President Donald Trump has presided over his first 9/11 commemoration in office, marking the 16th anniversary of the attacks, according to the BBC.
He and first lady Melania observed a solemn moment of silence at the White House and later at the Pentagon.
Thousands are gathering nationwide to mark the deadliest attack on US soil.
Nearly 3,000 people died after hijackers crashed planes into New York's World Trade Center, the Pentagon and a rural Pennsylvania field in 2001.
"Our values will endure, our people will thrive, our nation will prevail, and the memory of our loved ones will never, ever die," Mr Trump said outside the Pentagon.

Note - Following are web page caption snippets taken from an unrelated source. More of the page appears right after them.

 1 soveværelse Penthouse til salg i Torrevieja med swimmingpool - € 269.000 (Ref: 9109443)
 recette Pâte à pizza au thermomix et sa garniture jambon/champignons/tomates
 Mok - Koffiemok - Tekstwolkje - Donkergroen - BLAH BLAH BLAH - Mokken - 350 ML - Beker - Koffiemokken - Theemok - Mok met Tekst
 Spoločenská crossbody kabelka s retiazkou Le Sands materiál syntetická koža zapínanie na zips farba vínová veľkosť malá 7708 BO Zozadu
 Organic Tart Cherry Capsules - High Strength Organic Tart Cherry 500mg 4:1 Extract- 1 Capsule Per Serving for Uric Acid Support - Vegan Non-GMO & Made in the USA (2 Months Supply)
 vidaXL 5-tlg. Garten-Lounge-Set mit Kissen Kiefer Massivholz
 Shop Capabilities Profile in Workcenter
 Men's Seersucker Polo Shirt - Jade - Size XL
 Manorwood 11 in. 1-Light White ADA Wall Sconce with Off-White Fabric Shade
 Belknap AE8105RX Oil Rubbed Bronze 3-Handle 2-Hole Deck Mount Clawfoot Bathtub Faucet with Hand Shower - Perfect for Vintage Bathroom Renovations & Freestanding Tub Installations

Mr Trump joined Defence Secretary James Mattis and General Joseph Dunford, chairman of the Joint Chiefs of Staff, at the Department of Defense to remember the lives lost on 9/11.
"The terrorists who attacked us thought they could incite fear and weaken the spirit. Those who try will soon join the long list of vanquished enemies who dare to test our mettle," he said.
Earlier, Mr Trump appeared at a White House for a commemoration that took place at the same time relatives of 9/11 victims, survivors, rescuers and others gathered at New York's 9/11 memorial on Monday at 08:46 local time (12:46 GMT) to mark the exact time the first plane struck the World Trade Center's North Tower.